Segment Start: EXTRACTED MATERIAL
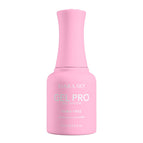 062 The It Girl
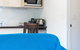 Modern Private Apartment - thumb 3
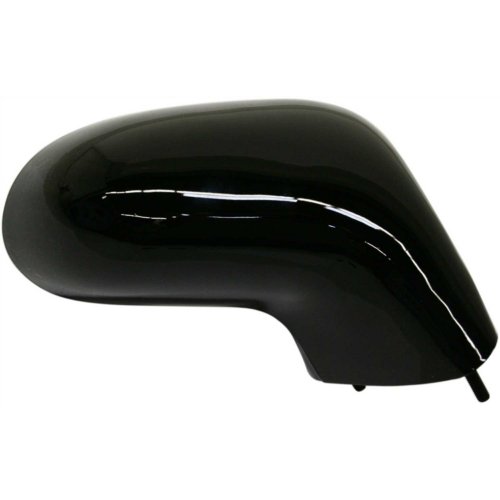 Buick LeSabre Exterior Door Mirrors At Monster Auto Parts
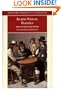 Pens�1/2es and Other Writings (Oxford World's Classics)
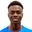 K. Egwu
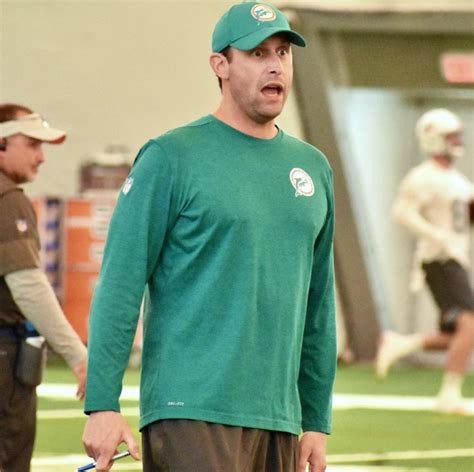 New York Is Already Done With Adam Gase Five Reasons Sports Network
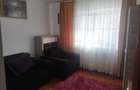Curtea de Arges, central - 7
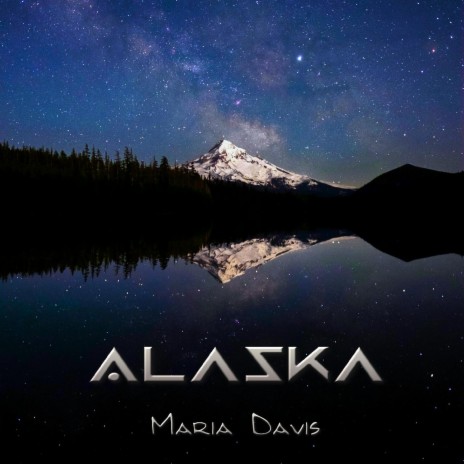 Alaska | Boomplay Music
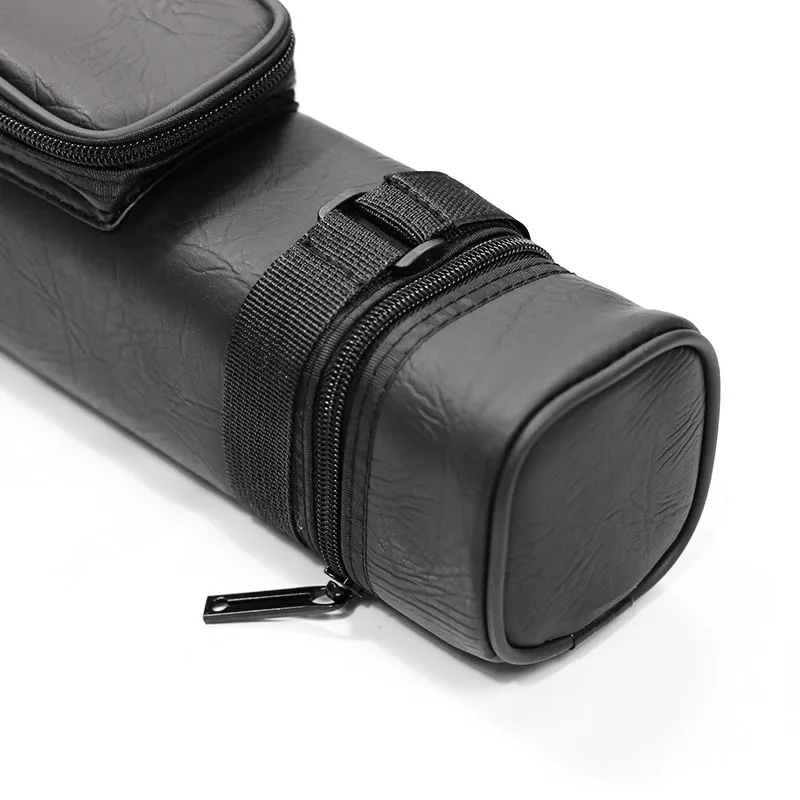 -pc 2b2s 4 отверстия квадратной - Фотография_5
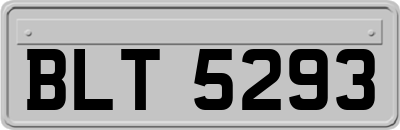 BLT5293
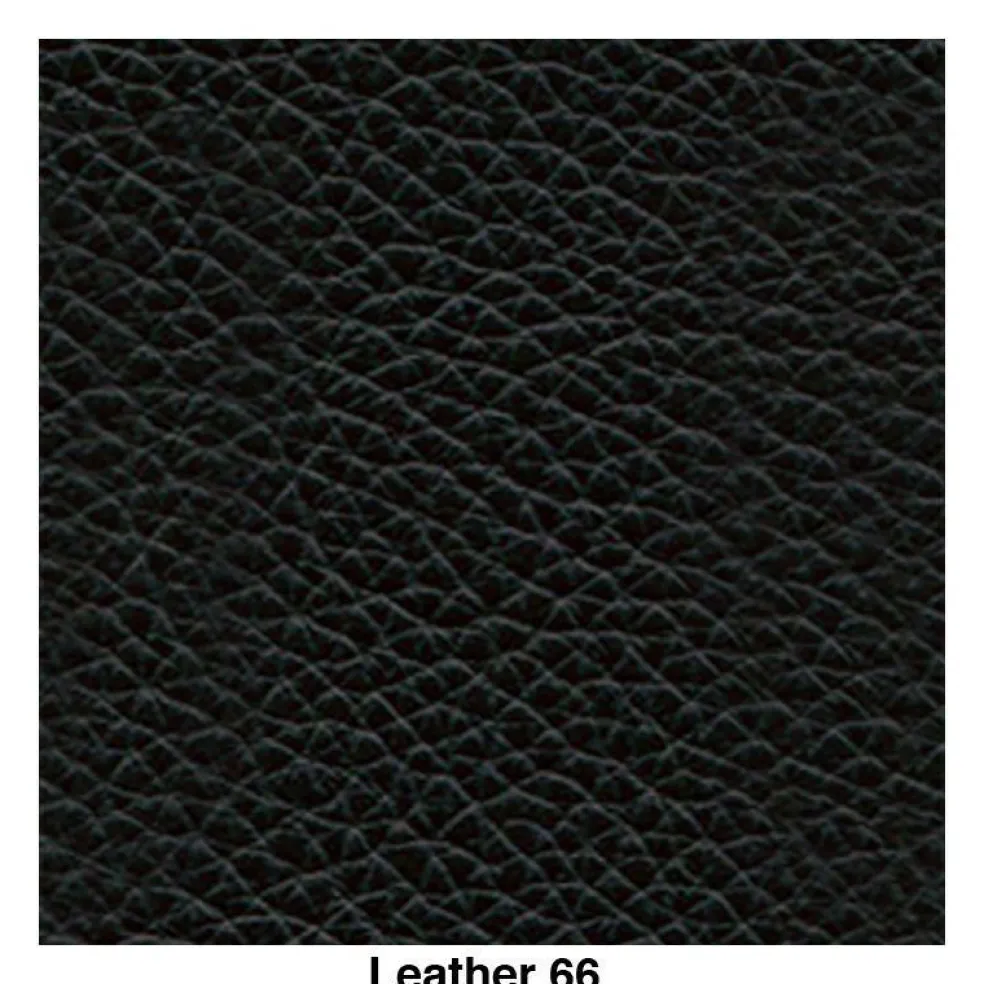 Softshell Bürostuhl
Segment End: EXTRACTED MATERIAL
* **YOUR OBJECTIVE**
Only the lines from the one with "Modern Private Apartment - thumb 3" through the last line of the records above are wanted, copied exactly and with pictures omitted.

* **EXPECTED ANSWER**
 Modern Private Apartment - thumb 3
 Buick LeSabre Exterior Door Mirrors At Monster Auto Parts
 Pens�1/2es and Other Writings (Oxford World's Classics)
 K. Egwu
 New York Is Already Done With Adam Gase Five Reasons Sports Network
Curtea de Arges, central - 7
 Alaska | Boomplay Music
 -pc 2b2s 4 отверстия квадратной - Фотография_5
 BLT5293
 Softshell Bürostuhl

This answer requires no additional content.